An anonymous google engineer leaked an internal memo about this approach, entitled “We have no moat”:
“LoRA updates are very cheap to produce (~$100) for the most popular model sizes. This means that almost anyone with an idea can generate one and distribute it. Training times under a day are the norm. At that pace, it doesn’t take long before the cumulative effect of all of these fine-tunings overcomes starting off at a size disadvantage. Indeed, in terms of engineer-hours, the pace of improvement from these models vastly outstrips what we can do with our largest variants, and the best are already largely indistinguishable from ChatGPT. Focusing on maintaining some of the largest models on the planet actually puts us at a disadvantage.”
In other words: from one big, well-trained, foundational model might spring thousands of model descendants targeting specific use cases.
A few conclusions
Human brains are a miracle of energy efficiency.
Without a paradigm shift in how we do AI, approaching anything resembling general, human-level intelligence would probably break the energy system.
We don’t really need superior AI to unlock a myriad of really valuable applications. For most applications, we can make do with sub-GPT-scale tools. For others, we can re-educate existing large-scale models super cheaply.

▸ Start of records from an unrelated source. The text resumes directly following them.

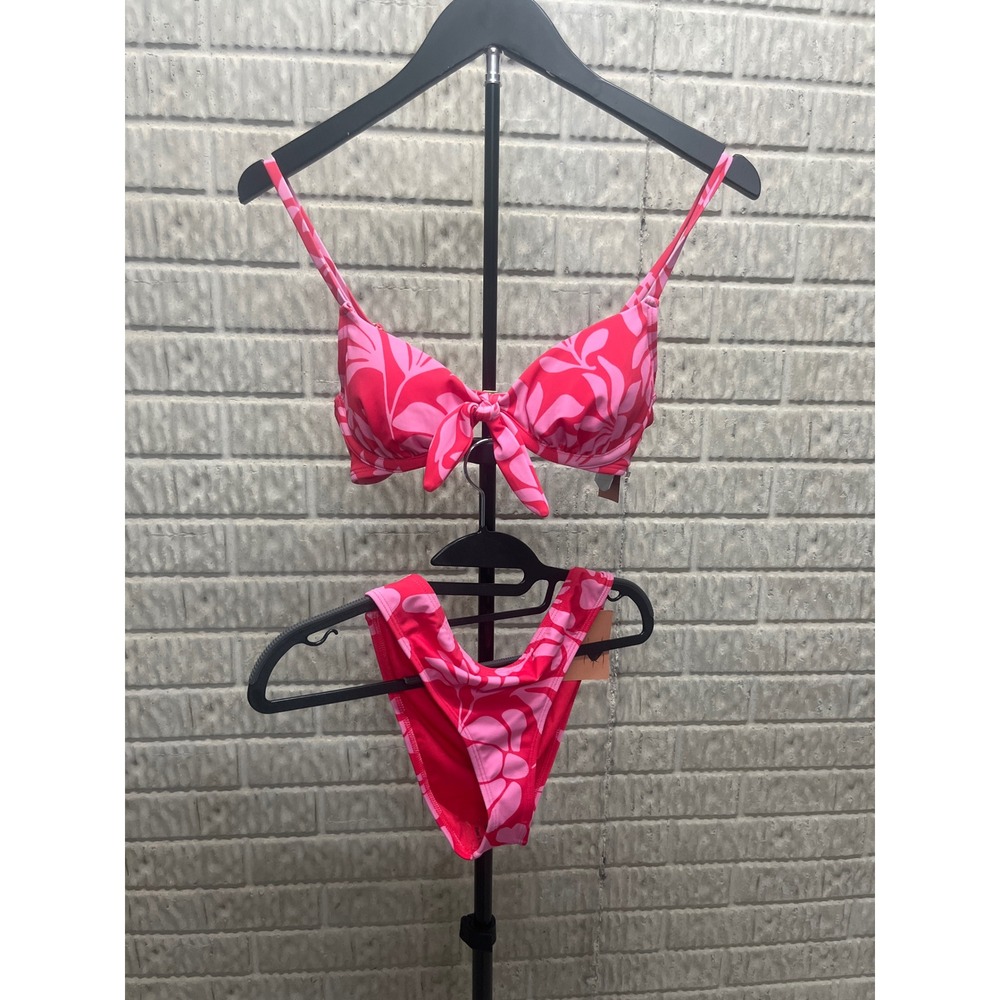Shade & Shore Pink Red Floral Bikini Set 34B Small Front Tie High Leg NWT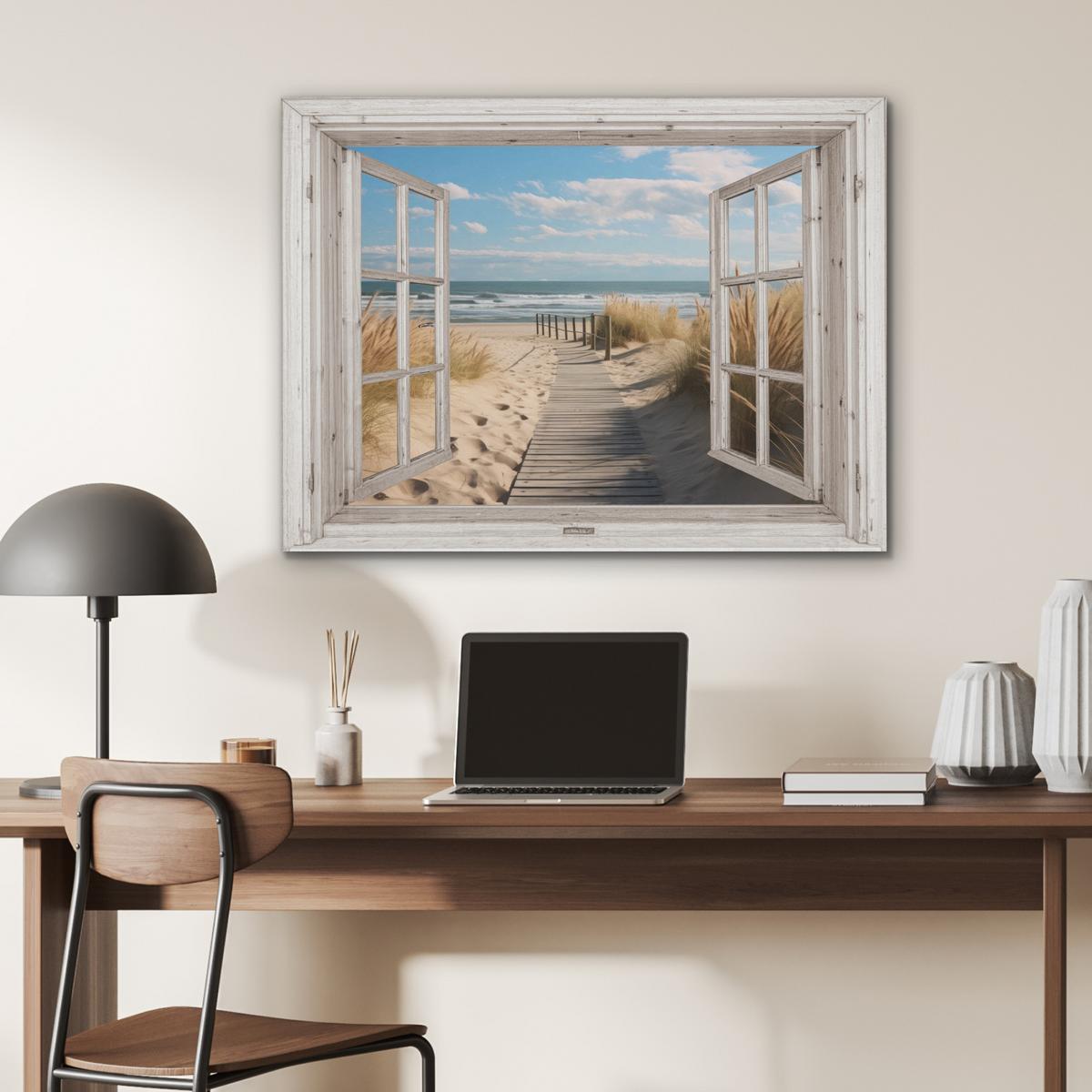 AKUSTIKBILD Fenster - Meer - Küste - Natur - Ausblick - Strand - Wattenmeer Gemälde 80x60 cm - Beige, Kunststoff (80/60/0.9cm) - MuchoWow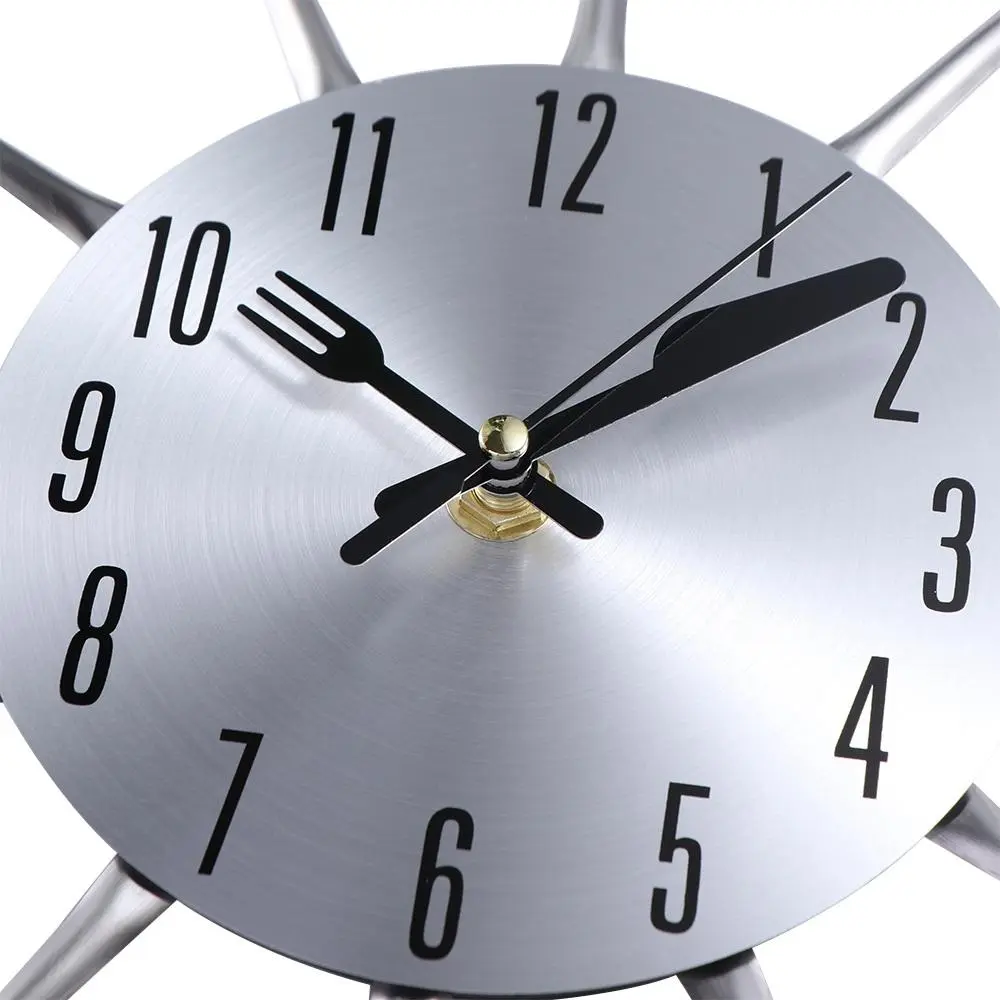 3D Spoon Fork Wall Clock Removable Modern Metal Clock Electronic Multifunctional Decorative Horloge Restaurant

Thanks to “Towards Data Science” for pointing this one out, and summarizing it, as neuroscience is well above my pay grade.
I honestly have no idea how reasonable this assumption is. Compute efficiency opportunities are a big area of interest and research for us at EIP.
I haven’t found a definitive estimate of Google’s query volume, but have seen estimates in this range reported.
This is based on an assumption of .002-.003 kWh per query for ChatGPT, which is another estimate I’m relying on from Towards Data Science.
In 2011 the NYT reported that Google consumes about .0003 kWh per search, which was about 15% of the energy consumption per query for ChatGPT in 2023. Given that average data center energy consumption has improved by 5.5X since roughly that time, and Google is at the leading edge of data center efficiency, I’ll bet that the energy consumption differential between a Google query and a ChatGPT query is even more stark.